The real threats have come from the non-Arab Muslim countries of Indonesia, Pakistan, Malaysia and Bangladesh where Islamic groups have said US commercial establishments would be targeted. The first to feel the heat was a Kentucky Fried Chicken (KFC) outlet in Indonesia where agitators barricaded the premises preventing customers from entering. A group of volatile protestors in Malaysia's eastern Kelantin state yelled "Destroy America" as they made their way through the streets against the war. In Bangladesh's capital Dhaka protestors burnt US flags.

In Pakistan, the President of the Peshawar University Teachers Association, Arbab Khan Afridi, told a rally of teachers and students that "Muslim countries should sever all diplomatic relations with the United States and Britain and Pakistanis should boycott products from the two countries,"

Even if the public protests did not prevent a war, it has helped dilute the official support the US was expecting from nations around the world. For instance, the protests in Pakistan have forced the government, a key US ally in its so-called war on terror, to turn into a severe critic of Washington. Similarly, the Indonesian government too has been publicly forced to decry the US move against Iraq.

The otherwise rigid governments in the Arab world have loosened their security valves to allow demonstrations and protests in order to release public anger against the US. There are fears that the resentment could turn against the Arab governments themselves. Already protestors are criticising the role of Arab leaders and governments which have provided logistical help to the US.

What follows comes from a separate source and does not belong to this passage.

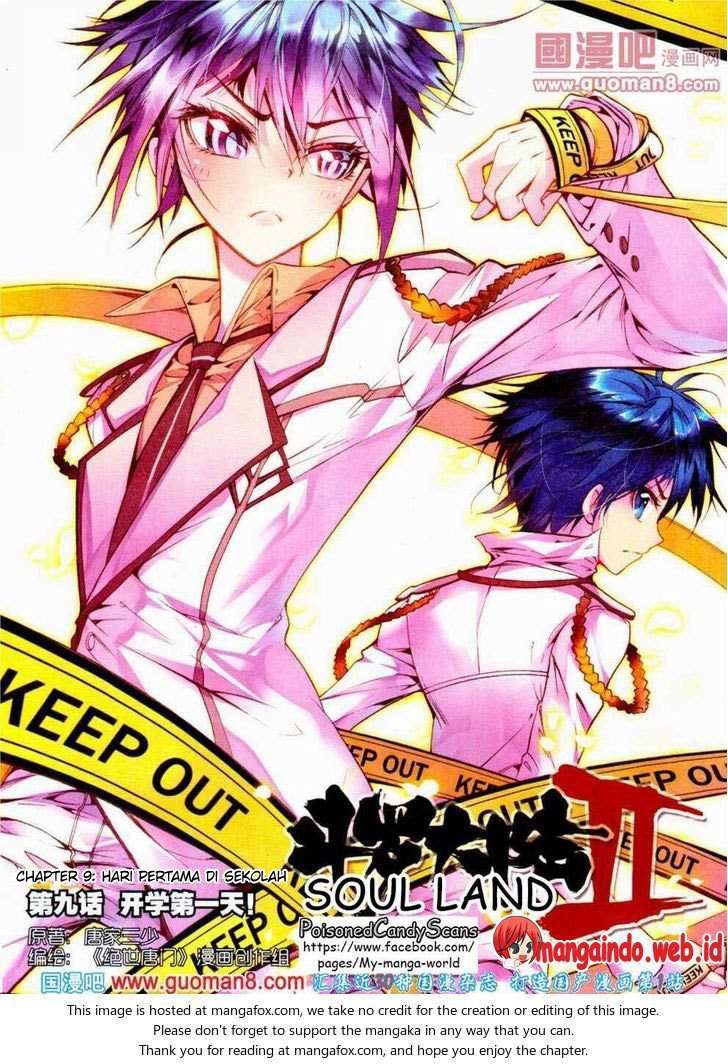 Baca Komik Soul Land 2 Chapter 09 Gambar 1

In Syria, demonstrators called Egyptian President Hosni Mubarak "an American agent", in protest at his decision to allow US flights to overfly the country. Sections of the Arab media too have warned that leaders in the region will be held responsible for civilian deaths in Iraq.

All in all, it makes for an unenviable situation for governments in the region which are caught between the resentment of their citizens and their friendship with the US.